Heterogeneous subgroups in human neuroblastoma for clinically relevant risk stratification

Hiyama, Eiso; Yamaoka, Hiroaki; Kondo, Satoshi; Yoneda, Akihiro; Tajiri, Tatsuro; Fukuzawa, Masahiro; Sugiyama, Masahiko; Hayashi, Yutaka; Sasaki, Fumiaki; Ohtaki, Megu
November 2007
Pediatric Surgery International;Nov2007, Vol. 23 Issue 11, p1051
Academic Journal
journal article
Neuroblastoma is a heterogeneous tumor and that may have a favorable or unfavorable prognosis. In Japan, a nation-wide neuroblastoma mass-screening (MS) project assessed 6-month-old infants between 1985 and 2003, and almost all neuroblastomas, including regressing or maturing tumors were thought to be detected in this period. To evaluate the heterogeneity of neuroblastoma subgroups, we analyzed patients with neuroblastoma who had been diagnosed during this period. The clinical courses of 4,209 patients with neuroblastoma, including 1,560 MS detected patients, whose tumors had been diagnosed between 1971 and 1995 were registered. The 2,520 cases registered between 1985 and 1995 were compared to 1,050 cases registered between 1971 and 1980 and analyzed by a multi-gene target model to determine the age distribution of neuroblastoma incidence. We hypothesized that three target genes were responsible for the progression of neuroblastoma: one pair of tumor suppressor gene alleles, one oncogene, and one gene controlling regression/differentiation.
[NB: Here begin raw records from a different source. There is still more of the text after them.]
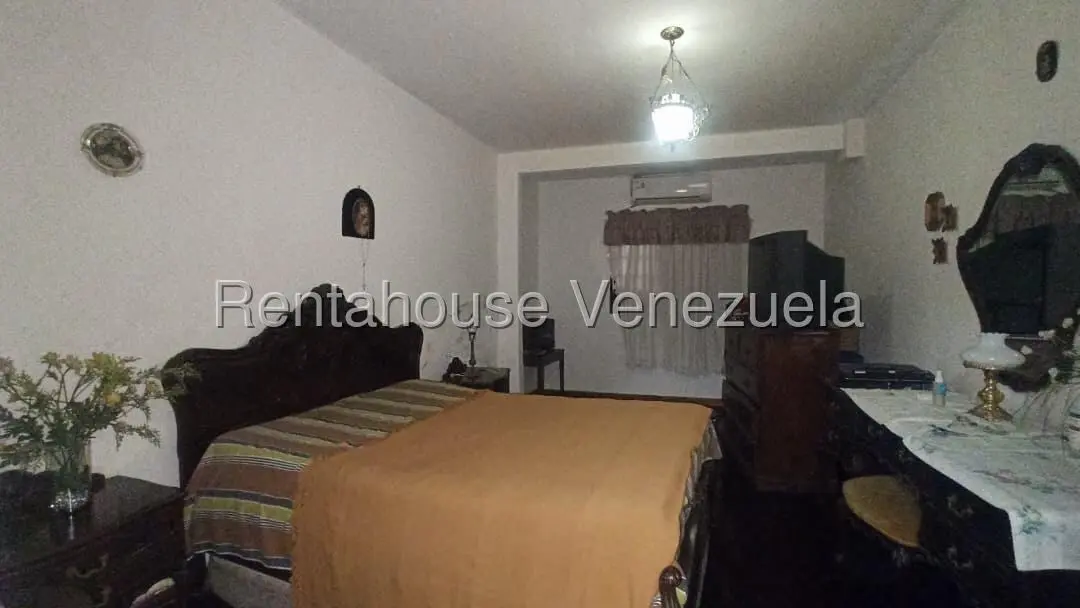 Casa (1 Nivel) en Venta en La Trinidad, Distrito Metropolitano - 23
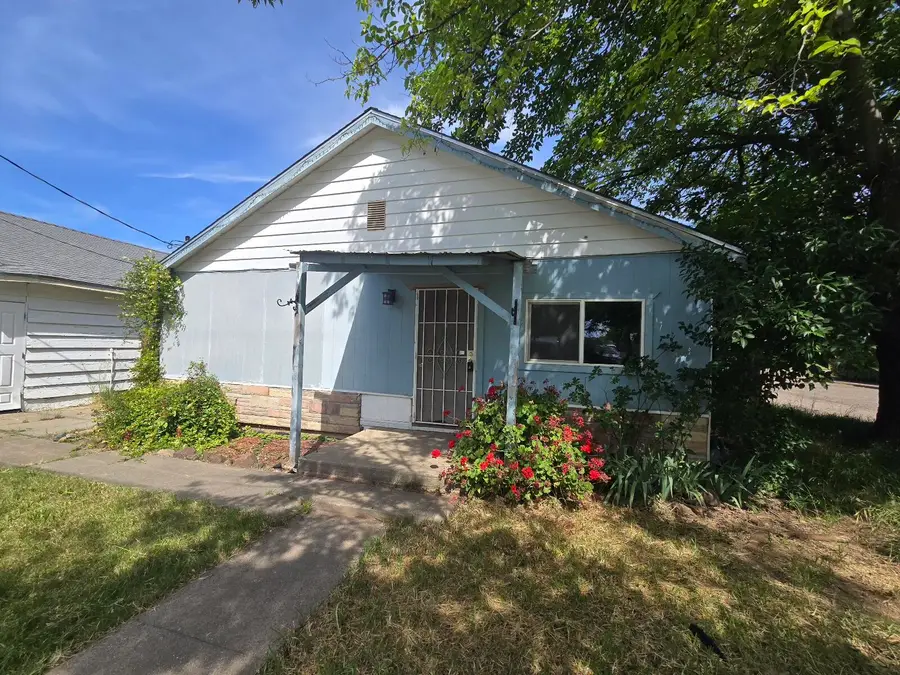 1355 Burgess Street, Red Bluff, CA 96080 - #2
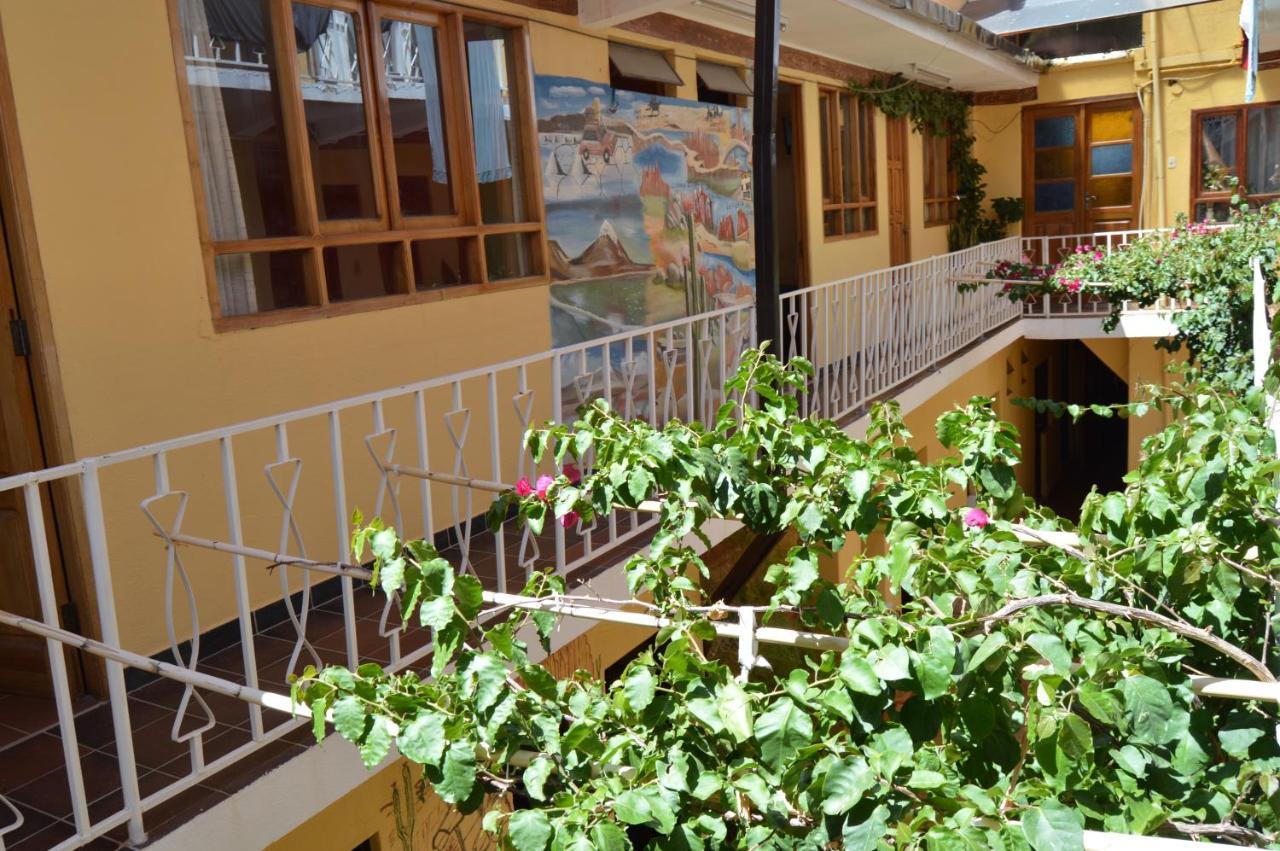 Hostal Coronel Pedro Arraya Tupiza Buitenkant foto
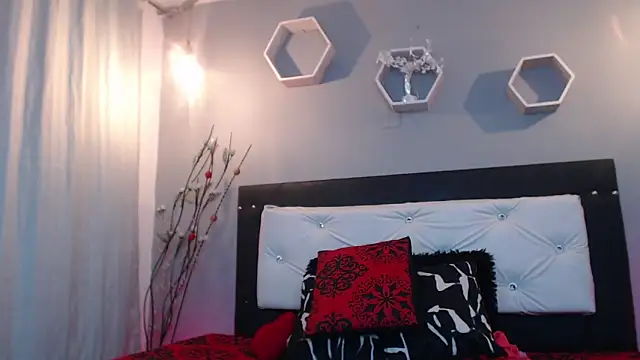 Meriiida online show from 09/19/25, 03:19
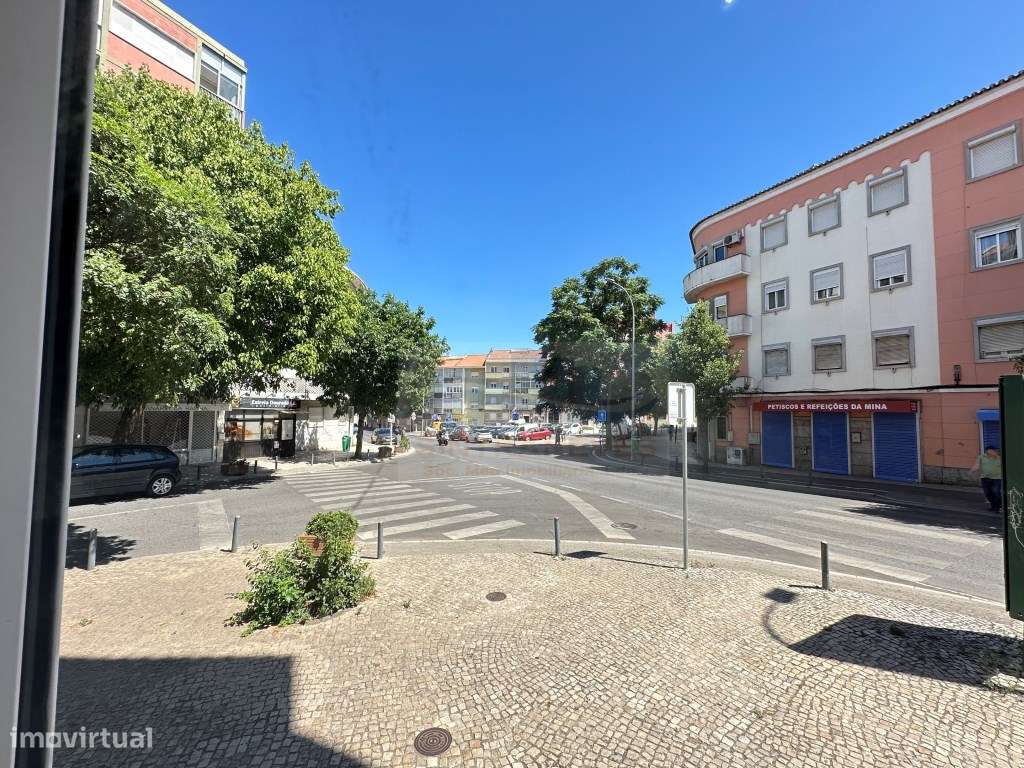 Excelente T2 Totalmente Remodelado na Mina de Água-2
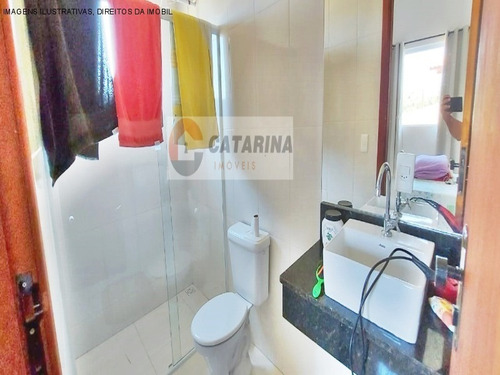 Imagem 6 de 14 de Belissima Chacara Dentro De Residencial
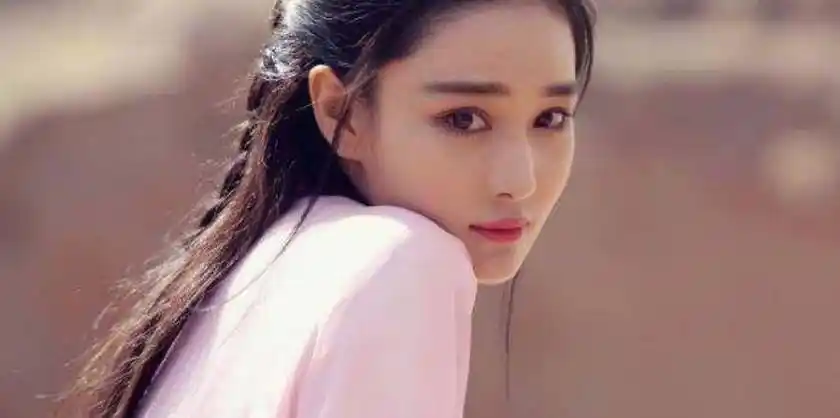 张馨予十年前旧照曝光,满满的土味,不敢相信这是张馨予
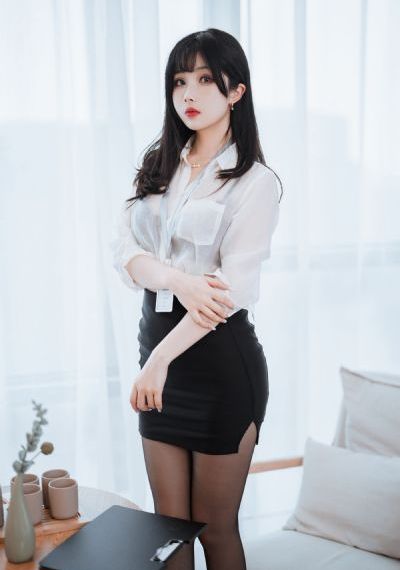 漂亮的保姆hd_蓝光免费高清观看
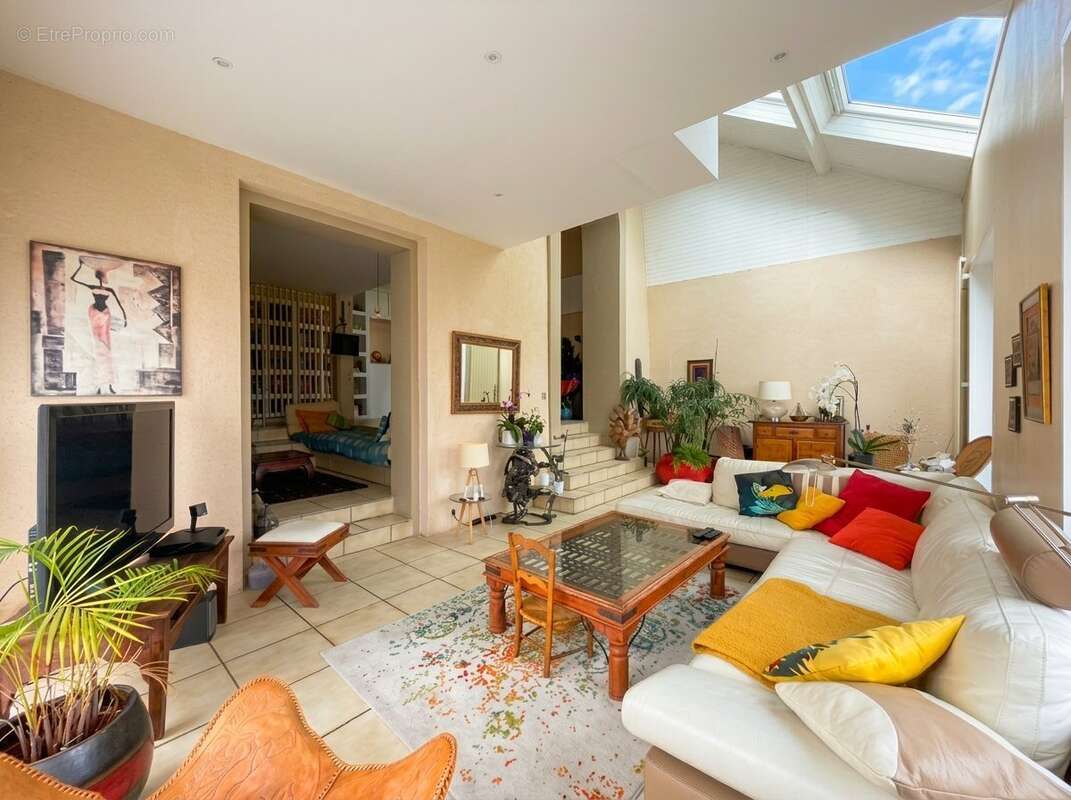 Maison à FEUCHEROLLES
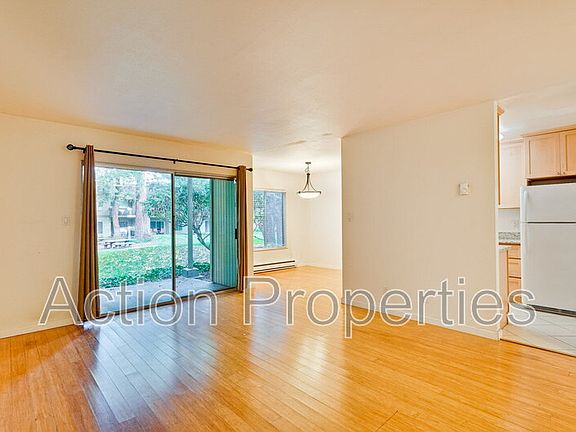 2nd image of 505 Cypress Point Dr Unit 114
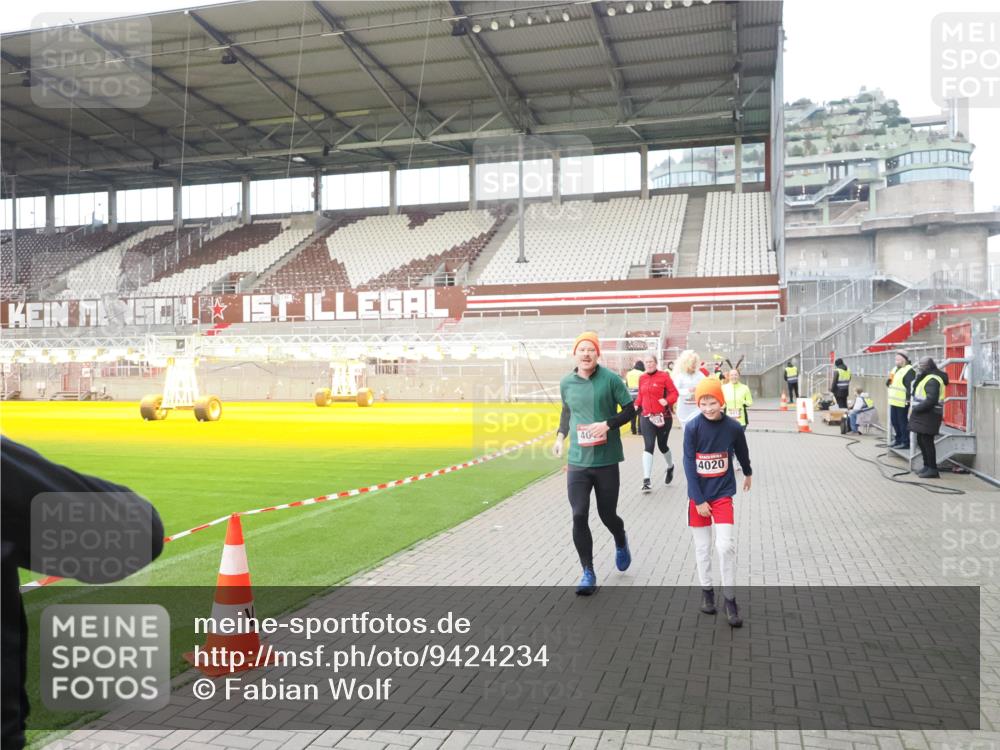 07.12.2025 - St. Pauli X-Mass-Run No. 15 Fabian Wolf http://msf.ph/oto/9424234 07.12.2025 12:06:03 Ziel 5, 6, 760, 768, 1038, 3106, 3107, 3137, 4019, 4020, 4176, 4307, 4326, 4327, 4357, 4405, 4413 meine-sportfotos.de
This simulation study revealed that the age distribution at initial diagnosis of neuroblastoma was divided into four groups based on post-fertilization age: 20-40, 40-50, 60-90, and 160-200 weeks. Since neuroblatoma in the first group occurred prenatal, post-natal clinical neuroblastoma can be classified into three age groups: 0-6 months, 1-2 years, and 3-4 years. The 0- to 6-month group consisted of mostly benign tumors, and the two older groups had predominantly malignant phenotypes. Our proposed model could explain qualitatively the distribution of neuroblastoma consisting of one subgroup with a favorable prognosis and two subgroups with unfavorable prognosis. For clinically relevant risk stratification, an age cutoff should be considered by the age distribution of these heterogeneous subgroups.